No American team sport is as exclusive as college basketball. Say what you will about the “wildly unpredictable” NCAA tournament, no champion is as easy to forecast as the survivor of March Madness. (I love the now-copyrighted title for this event. Forget the fact that the nets at the Final Four are actually cut down in April.) If it’s not Kentucky this year, it’s certainly Duke. Or North Carolina. Or for those years when an old-school power doesn’t achieve dominant status … it’s Connecticut.

At the beginning of every college hoops season, more than 300 teams are technically eligible to win the NCAA men’s basketball championship, three times the number in contention for the FBS football title. With such a field, you’d figure entry in the record book as champion would be once-in-a-generation at best, once-in-a-lifetime for most programs. Instead, “One Shining Moment” has become a soundtrack familiar only to those with the right jacket, proper door code, and a retina scan that proves blue-blood status. Over the course of two decades, three percent of the college-basketball universe has won a national title. For longer odds of winning a championship, you’d have to be a member — or fan — of the Chicago Cubs. (I know. This is the year.)

Look at the last 20 champions.
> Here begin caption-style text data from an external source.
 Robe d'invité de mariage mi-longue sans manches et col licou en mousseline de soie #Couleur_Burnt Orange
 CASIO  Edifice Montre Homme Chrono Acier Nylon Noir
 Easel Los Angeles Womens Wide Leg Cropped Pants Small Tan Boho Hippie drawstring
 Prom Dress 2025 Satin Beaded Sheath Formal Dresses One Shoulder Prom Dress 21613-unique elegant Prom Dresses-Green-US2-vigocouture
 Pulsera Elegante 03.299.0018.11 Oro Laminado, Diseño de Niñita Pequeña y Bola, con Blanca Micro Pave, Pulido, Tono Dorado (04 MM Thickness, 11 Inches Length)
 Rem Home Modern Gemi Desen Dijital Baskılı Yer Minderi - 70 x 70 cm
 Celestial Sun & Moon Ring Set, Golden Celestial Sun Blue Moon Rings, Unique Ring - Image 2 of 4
It’s actually a list of just 11 programs, as UConn (4), Kentucky (3), Duke (3), North Carolina (2), and Florida (2) have won multiple titles since 1996. If you’re looking for an outlier — think Marquette in 1977 — you won’t find one, with the possible exception (if ironic) of Florida, the only team in this period to win back-to-back titles (in 2006 and ’07). The Gators rose to greatness under coach Billy Donovan and won championships behind future NBA stars Joakim Noah and Al Horford. But aside from a return to the Final Four in 2014, Florida hasn’t achieved that retina-scan status and with Donovan now in the NBA, the Gators may soon be just another SEC program.
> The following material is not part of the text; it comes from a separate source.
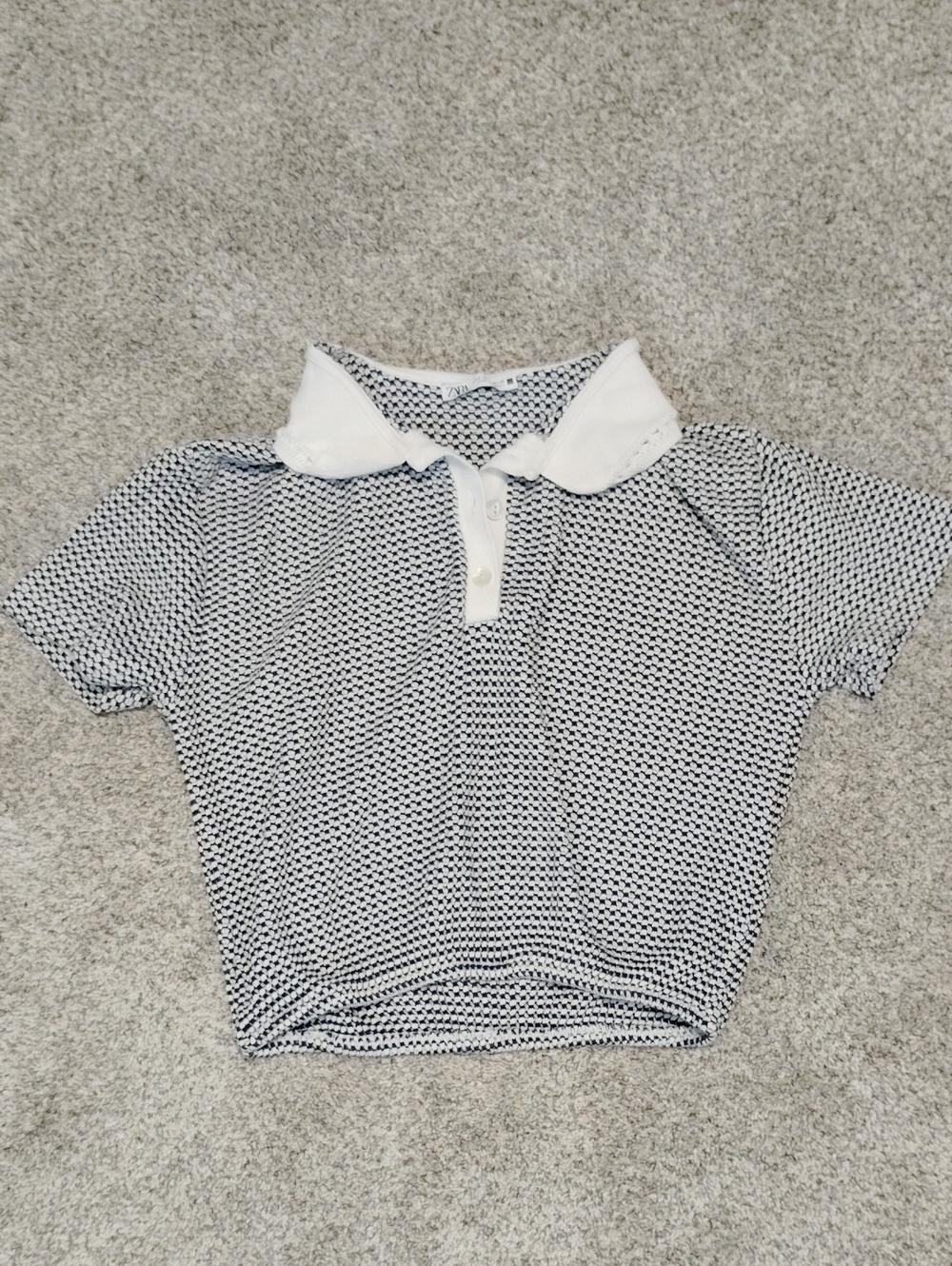 Zara Navy Patterned Polo with White Collar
From 1988 through 2012 — a 25-year period — no Final Four was played without one of the following programs in the mix: North Carolina, Kentucky, Duke, Kansas, and/or UCLA. The streak ended in 2013, but there was Louisville (blue blood) and the next year, UConn. Relatively new to their blue-blood status, the Huskies won a fourth championship since 1999. Kentucky returned to the Final Four in 2014 (and ’15), Duke won the title last year, and now this weekend we get to see North Carolina, appearing in its record 19th Final Four (but first since 2009!).
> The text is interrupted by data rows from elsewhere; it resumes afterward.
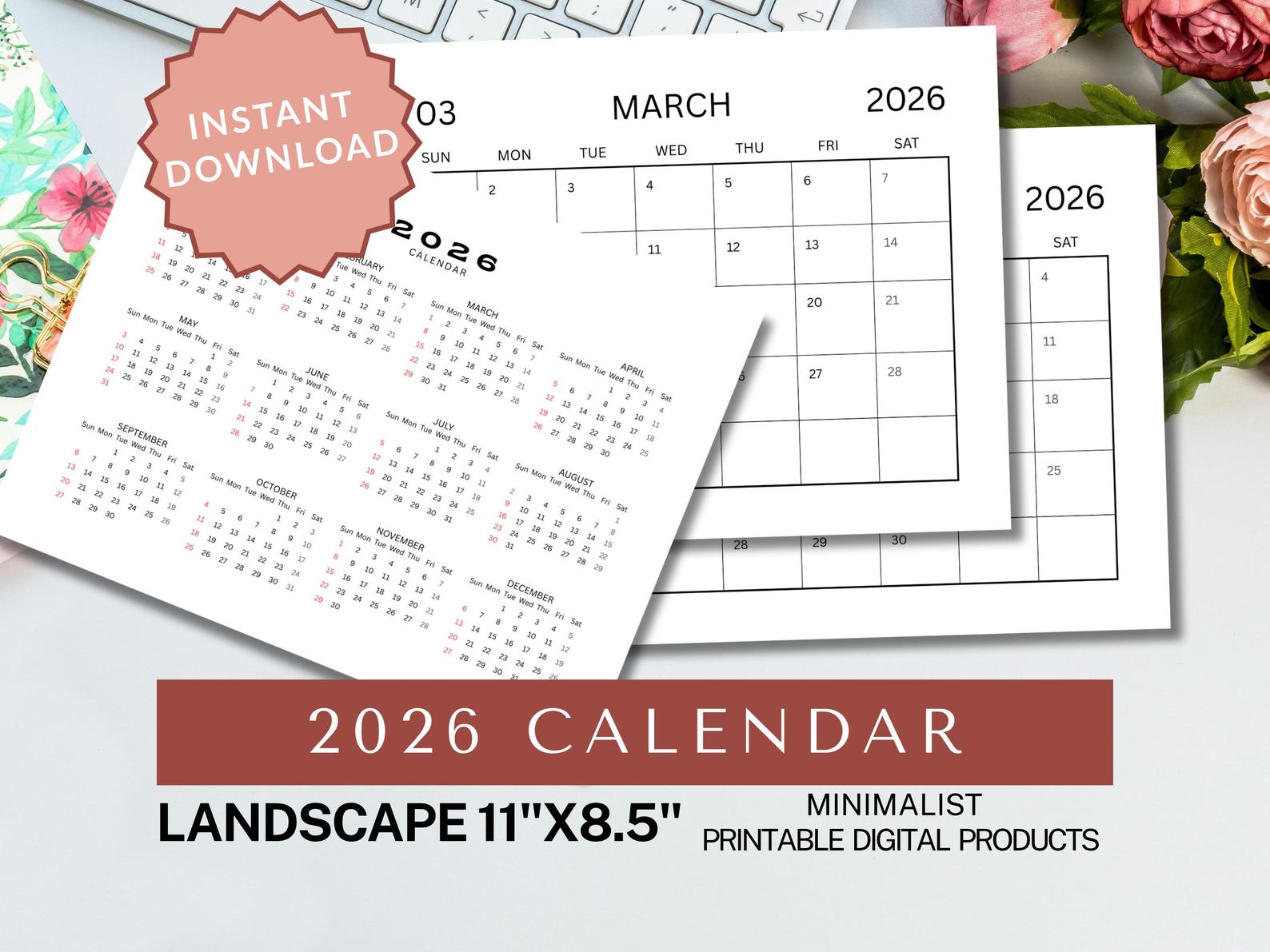 2026 Printable Calenda, 11"x8.5" Letter Size, Landscape, Minimalist ...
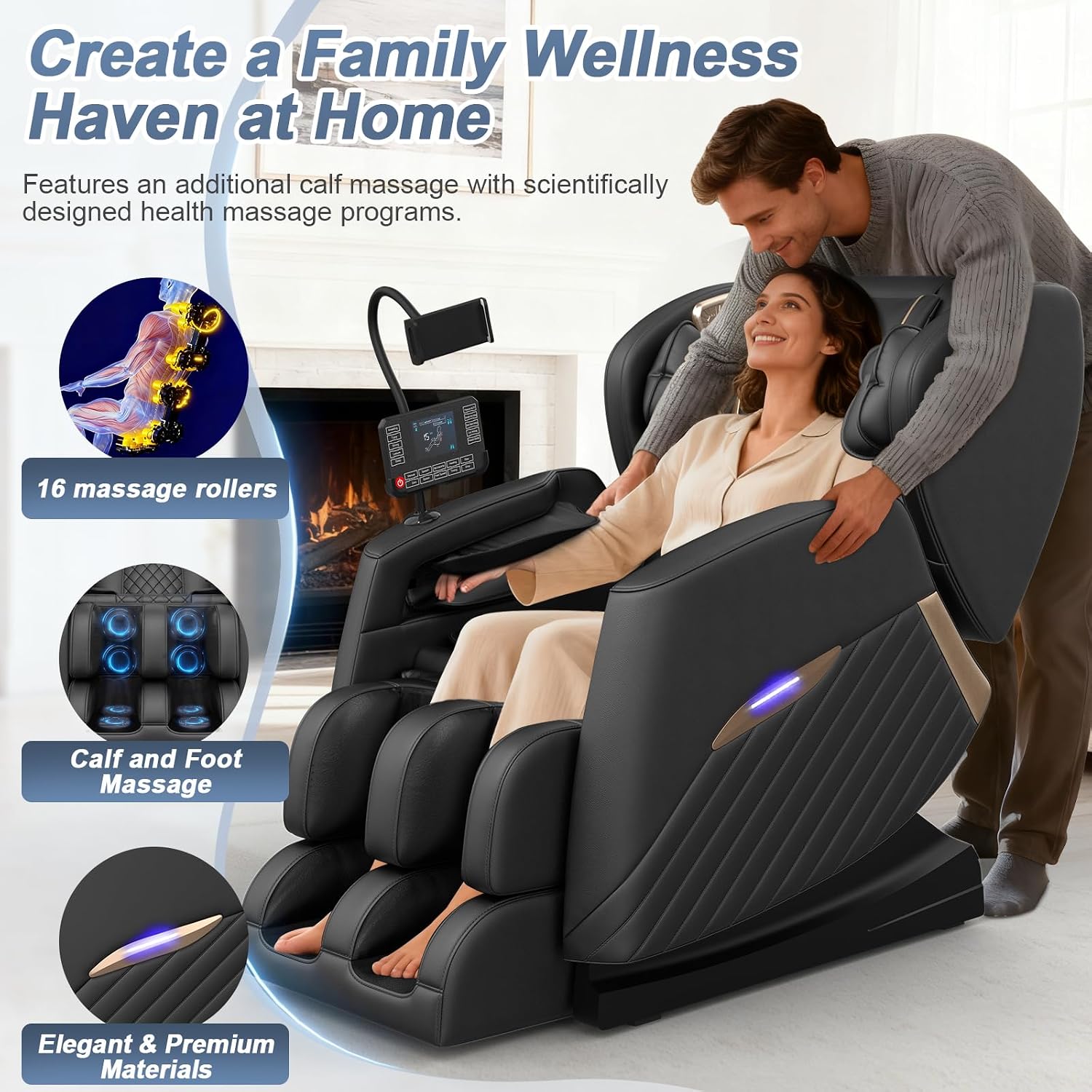 Thumbnail 6 de Srfzluxy Poltrona massaggiante – Zero Gravity, 16 massaggi e 8 airbag, riscaldamento lombare, rulli per polpacci, altoparlante Bluetooth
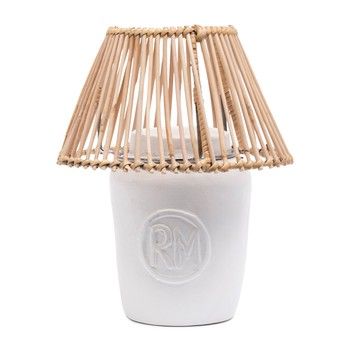WHITE CLAY CANDLE HOLDER WITH RATTAN ROOF WHITE CLAY CANDLE HOLDER WITH RATTAN ROOF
Our only chance for a legitimate championship surprise will be the winner of the Oklahoma-Villanova semifinal. Don’t let Syracuse — a 10 seed! — fool you. Jim Boeheim’s squad is a blue-blood in orange clothing, appearing in a fifth Final Four under a coach who served a nine-game suspension to start the season (for a decade of impropriety under his watch).

The Wildcats are descendants of the 1985 team that upset mighty Georgetown (after beating Memphis State in the national semifinals) and the Sooners — get this — have never won a national championship in basketball. There will be no bigger star in Houston than Oklahoma’s All-America guard Buddy Hield. The senior Bahamian has averaged 29.2 points in the Sooners’ four-game tournament run and dropped 37 on Oregon in the West Regional final. (Hield opened the season by scoring 30 points at FedExForum in a win over Memphis.}

Here’s hoping this year’s Final Four becomes a Buddy movie, something different from anything we’ve seen before. It’s surely nice to occupy that three-percent luxury loft in college basketball’s tower of success. But there’s a lot to see — and cheer — in that other 97 percent.